=== What this task involves ===
The following data needs to be repeated exactly, with all images excluded.

=== Material provided ===
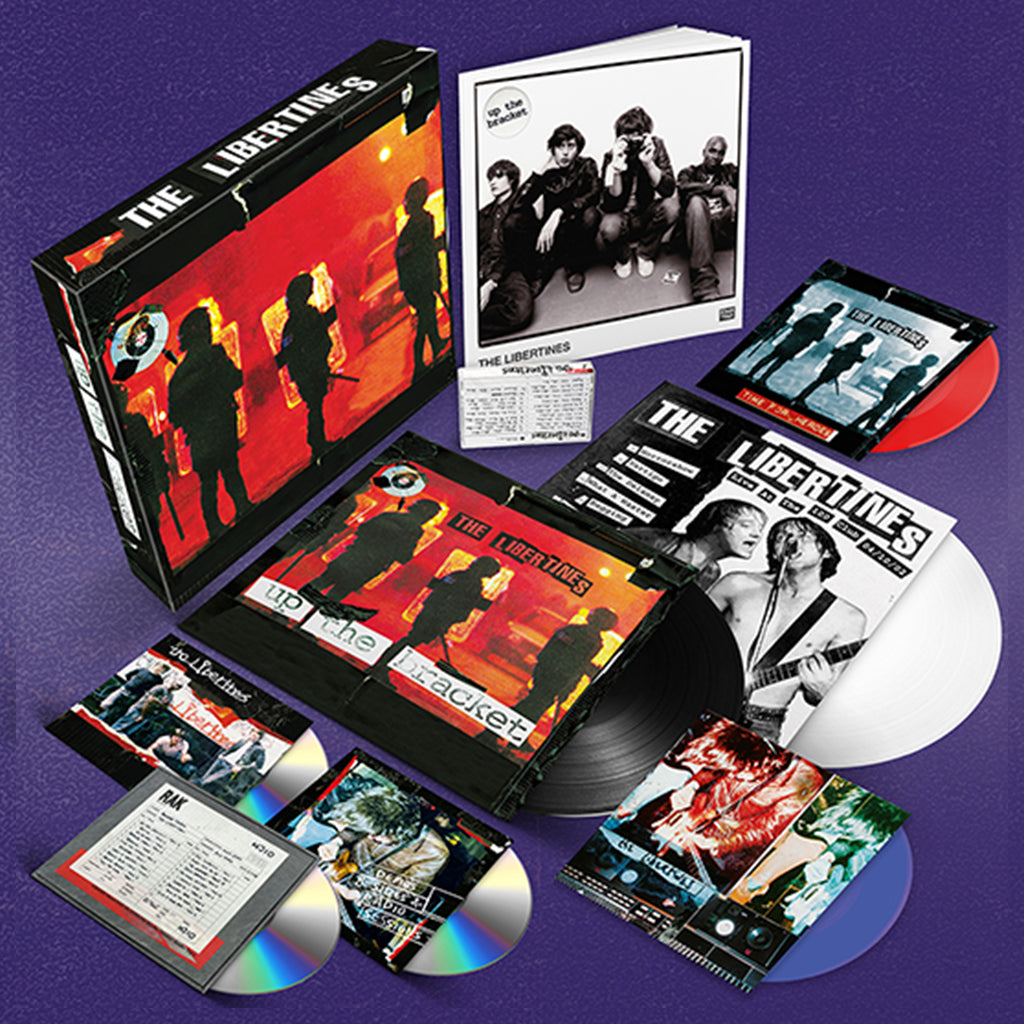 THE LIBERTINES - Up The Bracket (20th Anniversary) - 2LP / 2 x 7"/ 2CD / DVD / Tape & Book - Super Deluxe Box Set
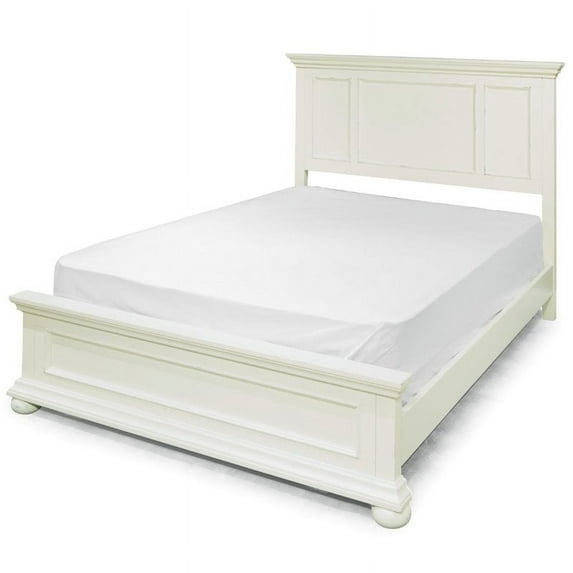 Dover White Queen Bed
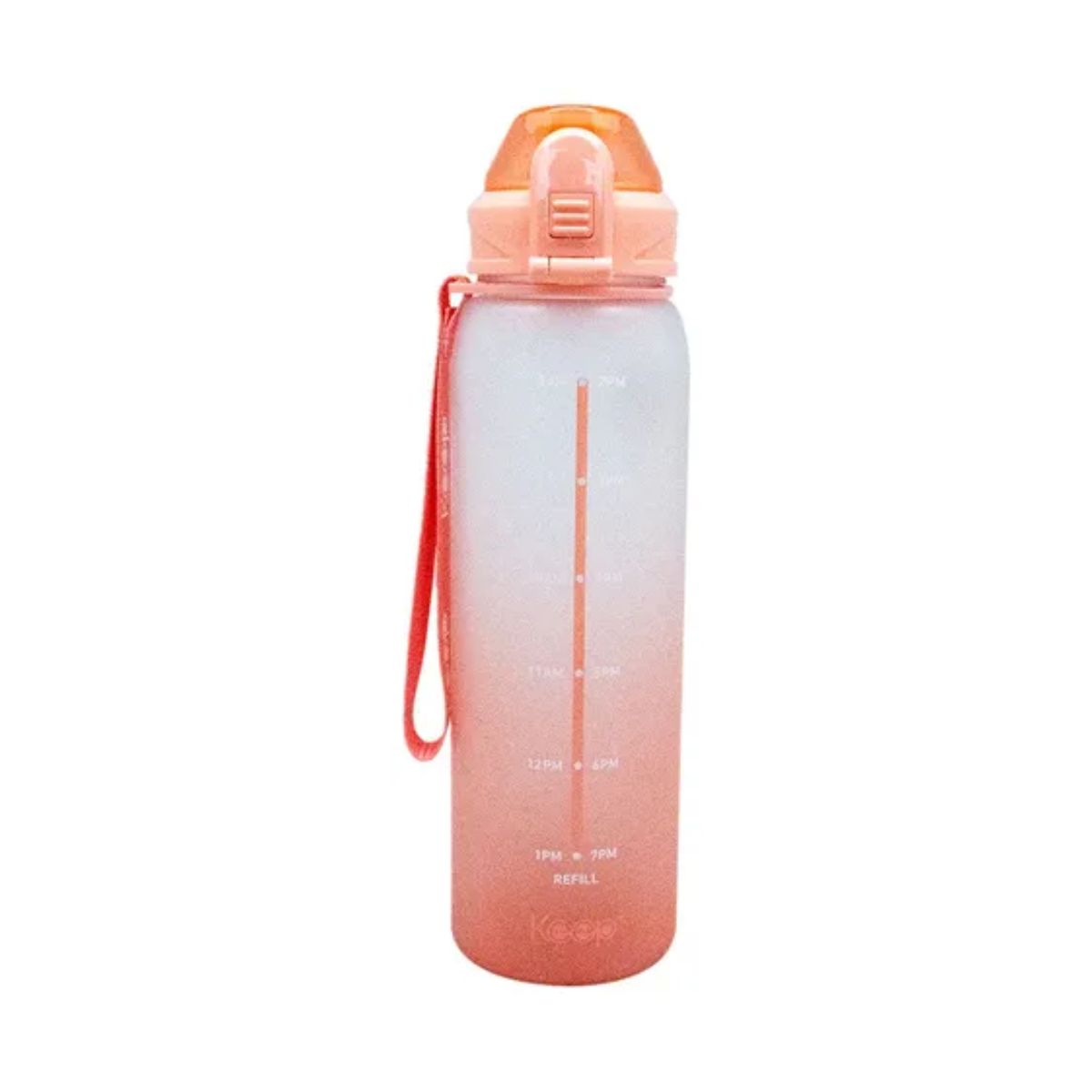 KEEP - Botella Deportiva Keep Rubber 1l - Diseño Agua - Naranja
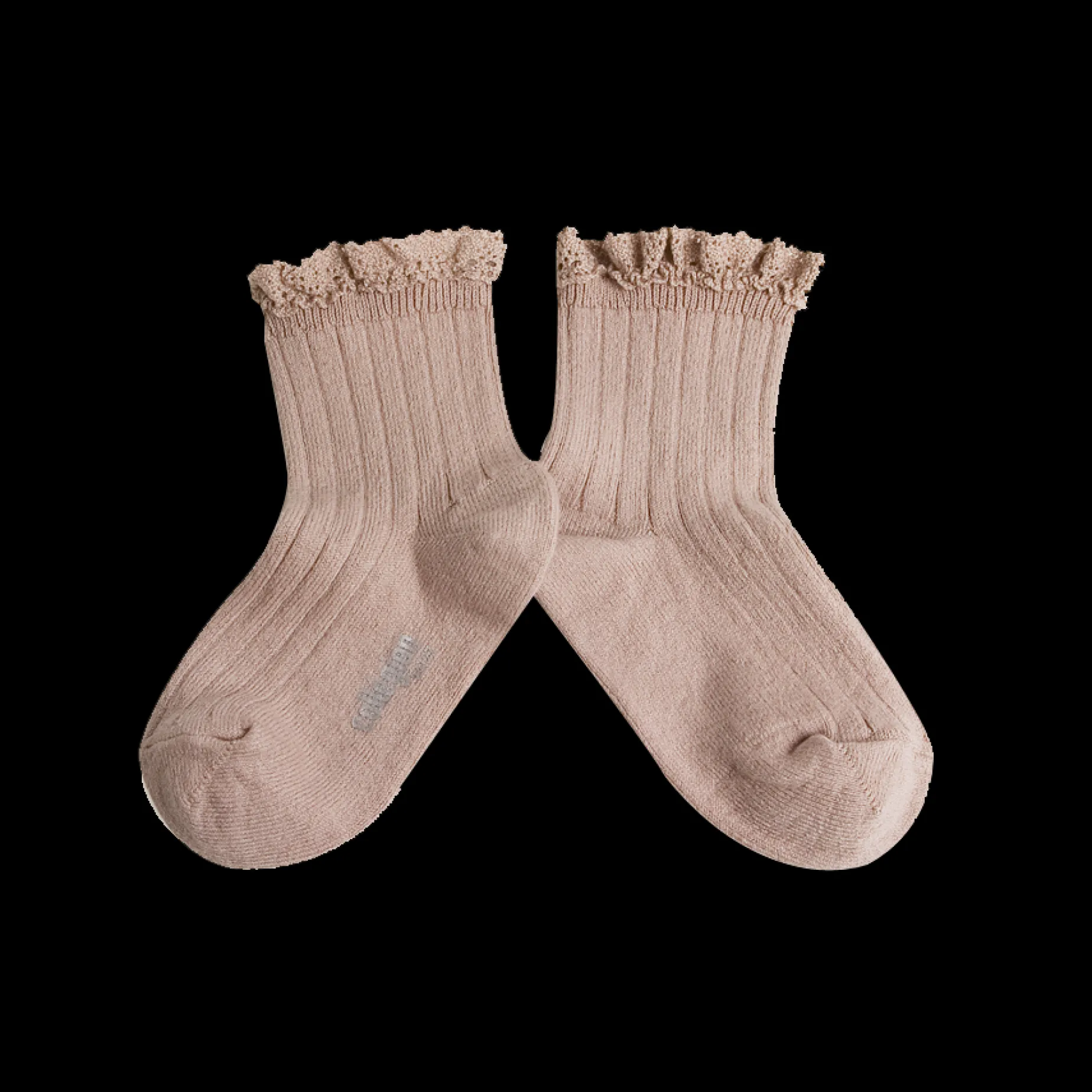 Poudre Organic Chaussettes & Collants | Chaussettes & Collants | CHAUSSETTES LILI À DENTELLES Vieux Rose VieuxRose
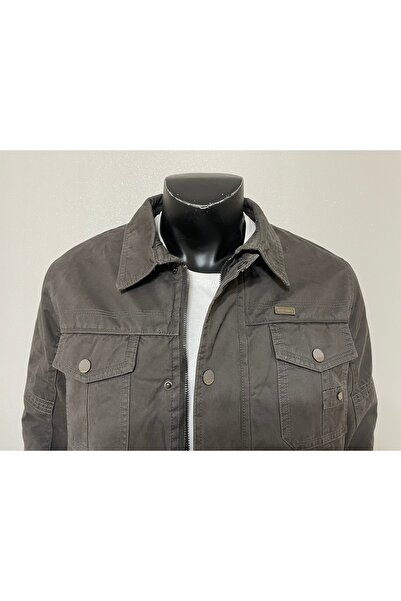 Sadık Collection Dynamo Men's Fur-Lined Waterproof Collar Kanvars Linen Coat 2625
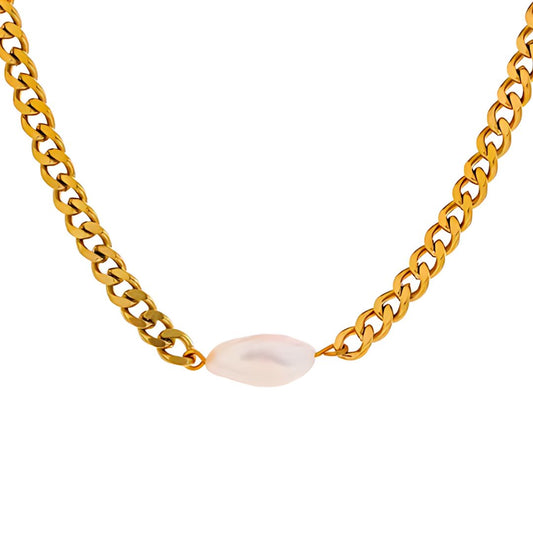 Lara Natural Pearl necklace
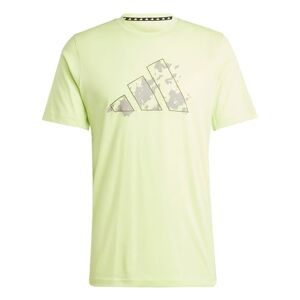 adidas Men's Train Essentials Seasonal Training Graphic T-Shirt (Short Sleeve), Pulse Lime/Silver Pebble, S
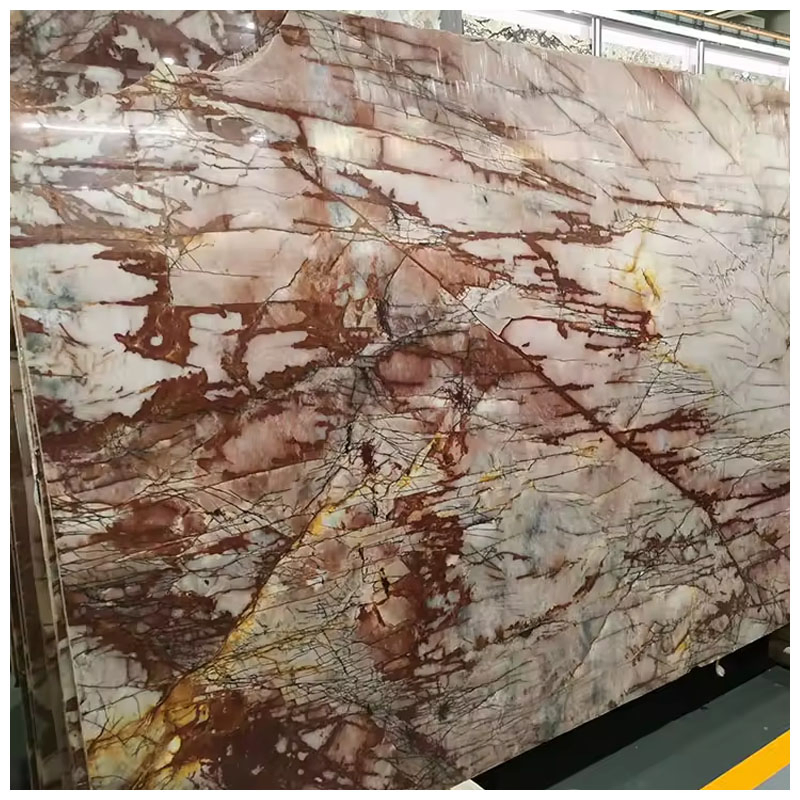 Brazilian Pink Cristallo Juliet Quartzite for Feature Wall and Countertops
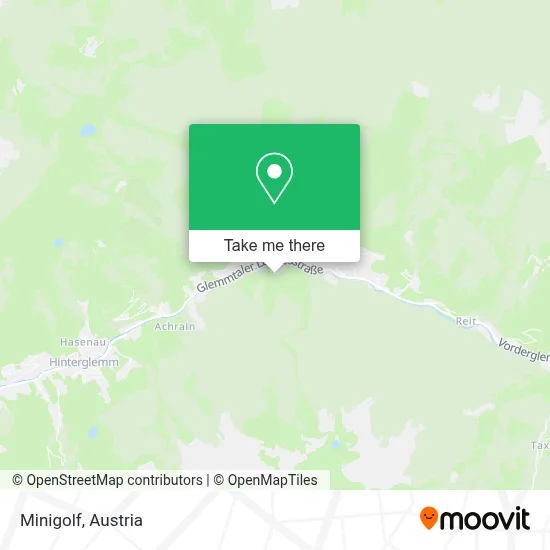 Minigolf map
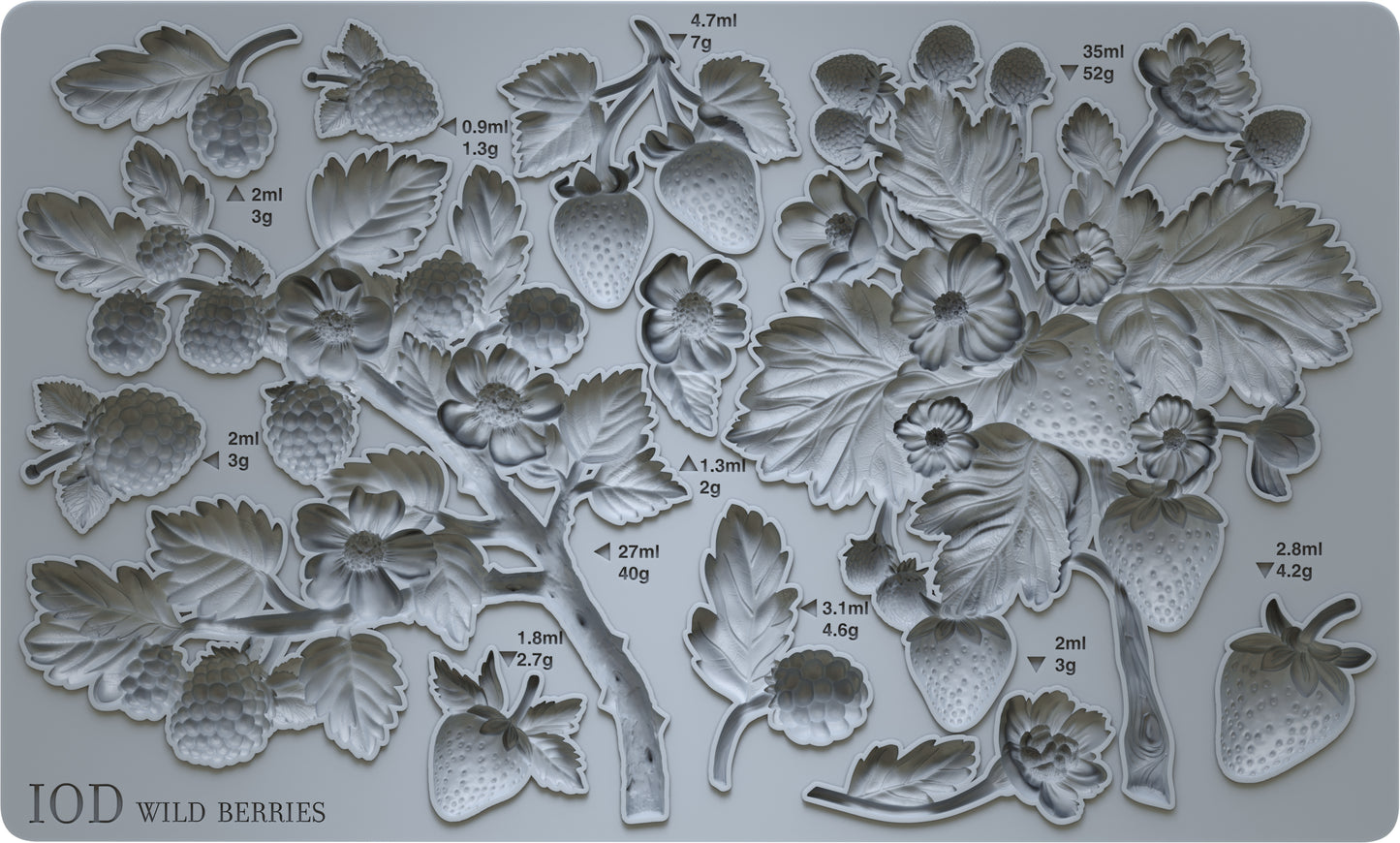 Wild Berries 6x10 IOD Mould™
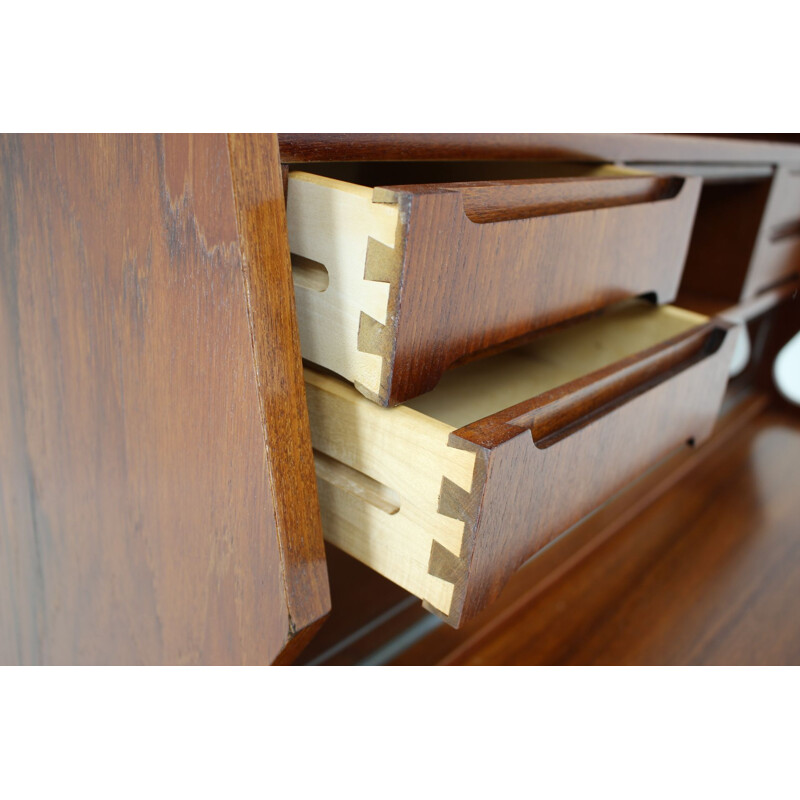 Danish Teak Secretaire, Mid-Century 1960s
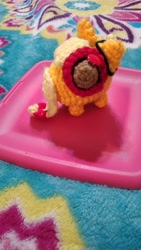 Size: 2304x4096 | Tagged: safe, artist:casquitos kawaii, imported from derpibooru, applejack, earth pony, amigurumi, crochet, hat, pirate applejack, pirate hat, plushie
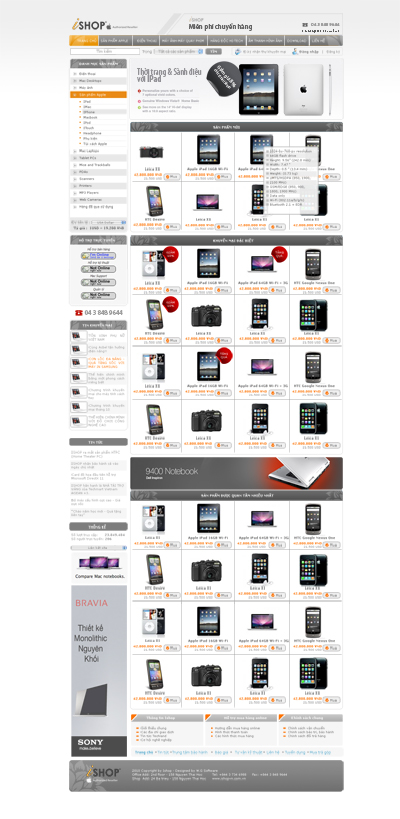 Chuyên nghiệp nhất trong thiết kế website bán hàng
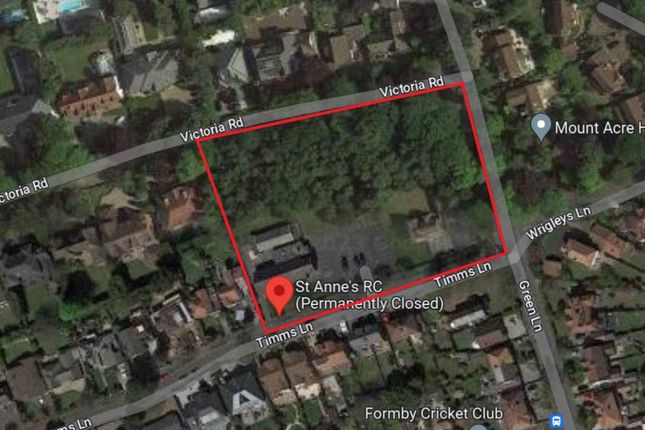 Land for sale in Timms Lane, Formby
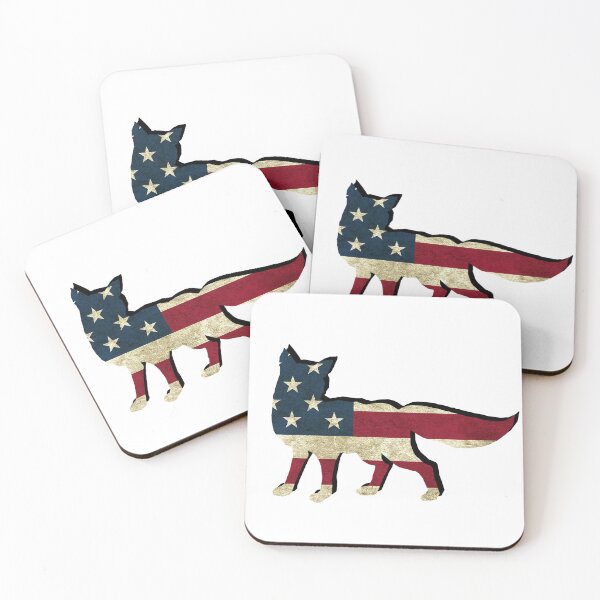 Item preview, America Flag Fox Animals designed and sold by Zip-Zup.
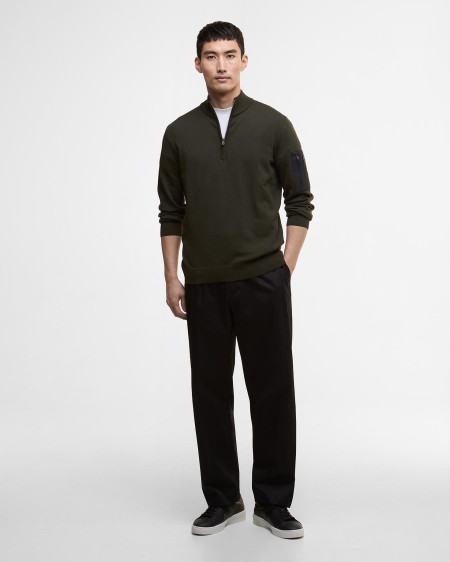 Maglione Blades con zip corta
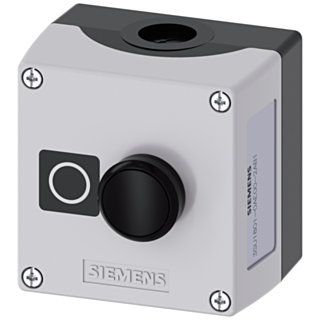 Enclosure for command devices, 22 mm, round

=== Answer to this task ===
 THE LIBERTINES - Up The Bracket (20th Anniversary) - 2LP / 2 x 7"/ 2CD / DVD / Tape & Book - Super Deluxe Box Set
 Dover White Queen Bed
 KEEP - Botella Deportiva Keep Rubber 1l - Diseño Agua - Naranja
 Poudre Organic Chaussettes & Collants | Chaussettes & Collants | CHAUSSETTES LILI À DENTELLES Vieux Rose VieuxRose
 Sadık Collection Dynamo Men's Fur-Lined Waterproof Collar Kanvars Linen Coat 2625
 Lara Natural Pearl necklace
 adidas Men's Train Essentials Seasonal Training Graphic T-Shirt (Short Sleeve), Pulse Lime/Silver Pebble, S
 Brazilian Pink Cristallo Juliet Quartzite for Feature Wall and Countertops
 Minigolf map
 Wild Berries 6x10 IOD Mould™
 Danish Teak Secretaire, Mid-Century 1960s
 Size: 2304x4096 | Tagged: safe, artist:casquitos kawaii, imported from derpibooru, applejack, earth pony, amigurumi, crochet, hat, pirate applejack, pirate hat, plushie
 Chuyên nghiệp nhất trong thiết kế website bán hàng
 Land for sale in Timms Lane, Formby
 Item preview, America Flag Fox Animals designed and sold by Zip-Zup.
 Maglione Blades con zip corta
 Enclosure for command devices, 22 mm, round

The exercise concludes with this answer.